Dentre os ativos mais conhecidos e utilizados por uma empresa, há os ativos imobilizados. E esse tipo de ativo tem seu tratamento contábil apresentado pelo CPC 27.

Principais ponto chave

  • O CPC 27 é o pronunciamento técnico brasileiro responsável por emitir informações sobre o tratamento contábil dos ativos imobilizados.
  • A norma contábil internacional que corresponde ao CPC 27 – Ativo imobilizado é a IAS 2 – Property, Plant and Equipment.
  • Ativos são cruciais para a saúde financeira de uma empresa. E os ativos imobilizados são itens físicos que têm como objetivo gerar renda para uma empresa.
  • Os ativos imobilizados sofrem depreciação e têm uma vida útil definida.
  • Um gestor precisa conhecer seus ativos, principalmente os imobilizados, e as suas características. Assim, ele obterá informações para possuir um efetivo controle patrimonial.
  • Para mensurar um ativo imobilizado, o CPC 27 apresenta as possibilidades de custo e de valor justo.

CPC 27 resumo

Aprovado e divulgado no ano de 2009, o CPC 27 – Ativo imobilizado é um pronunciamento contábil brasileiro. Esse CPC é o responsável pelo tratamento contábil que se destina a fornecer informações sobre os ativos imobilizados.

É por meio do CPC 27 que todos os usuários das demonstrações contábeis conseguirão saber sobre seus investimentos em ativos imobilizados. Além de como acontecem as mutações desses ativos.

Por isso, foi fundamental um pronunciamento contábil que estabelecesse como reconhecer esses ativos e como contabilizá-los. Para isso, o CPC 27 estipula o conceito de valor contábil, de depreciação e vida útil do ativo. Já que um ativo imobilizado sofre perdas por desvalorização que precisam de reconhecimento.

Também, o CPC 27 também é o responsável por estabelecer o conceito de ativo intangível. Além de ser um bem físico que gera caixa para a empresa, ele tem que possuir vida útil maior do que um ano. Assim como um valor maior do que R$1.200,00.

Comitê de Pronunciamentos Contábeis e o Pronunciamento Técnico CPC 27

O Comitê de Pronunciamentos Contábeis (CPC), com o pronunciamento CPC 27, prescreve o tratamento contábil realizado para ativos imobilizados.

Neste processo os usuários das demonstrações contábeis podem diferenciar os dados sobre determinado investimento de uma entidade em seus ativos imobilizados, bem como as variações/mutações nesse investimento.

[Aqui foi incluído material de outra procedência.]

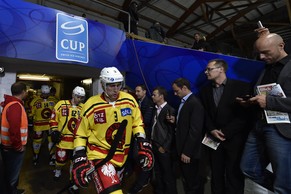 SCB-Spieler auf dem Weg zum Sieg gestern in Thun.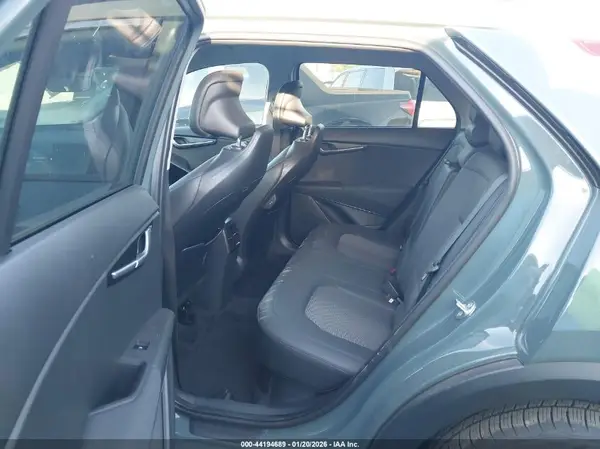 KNDCR3LE8R5188066 2024 KIA NIRO - Image 8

O ponto chave a ser considerado com o Pronunciamento Técnico CPC 27 referente a contabilização dos ativos imobilizados é exatamente o reconhecimento de tais ativos, afim de determinar seus valores contábeis, além das depreciações e perdas por desvalorização a serem reconhecidas.

Qual é a IAS que corresponde ao CPC 27?

A globalização é o processo responsável por descrever a crescente interdependência das economias, culturas e populações mundiais. E isso se provocou por conta da abertura do comércio transfronteiriço de bens e serviços, além de tecnologias e fluxos de investimento e informações.

Dessa forma, depois de séculos de avanços na cooperação internacional, o mundo está inteiramente conectado. E em relação ao mercado e à contabilidade, houve uma ascensão do comércio e da economia global. O que auxiliou as empresas, os trabalhadores e os consumidores.

O resultado disso foi a abertura dos mercados internacionais que passaram a receber e disponibilizar empresas para outros países. Com essa atividade, foi necessário que houvesse uma padronização na linguagem da contabilidade.

Para ser possível essa unificação contábil, criou-se uma entidade responsável pela contabilidade internacional, a IAS, ou International Accounting Standards. Essas que são regentes até o ano de 2001. E, depois desse ano, essas normas se tornaram as IFRS, ou International Financial Reporting Standards.

No Brasil, criou-se em 2005 pela resolução CFC n°1.055/05, o Comitê de Pronunciamentos Contábeis, ou CPC. Essa entidade é a responsável por convergir as normas contábeis internacionais com a contabilidade brasileira.

Assim, surgiram quase 50 pronunciamentos técnicos que postulam sobre aspectos importantíssimos para a contabilidade. E eles sempre têm correspondência ou com uma IAS ou com um IFRS. Em relação ao CPC 27, ele corresponde a IAS 16Property, Plant and Equipment.

IAS 16 – Property, Plant and Equipment

A IAS 16 – Property, Plant and Equipment é a norma contábil que se refere ao CPC 27. Dessa forma, essa norma foi adotada no ano de 2001 e reeditada em 2003 de forma que sua aplicação se aplica para períodos anuais. E esses após ou no ano de 2005.

O objetivo da IAS 16 é prescrever o tratamento contábil para bens, plantas e equipamentos. As principais questões são o reconhecimento de ativos, a determinação de seus valores de transporte e os encargos de depreciação e perdas de prejuízo a serem reconhecidos em relação a eles.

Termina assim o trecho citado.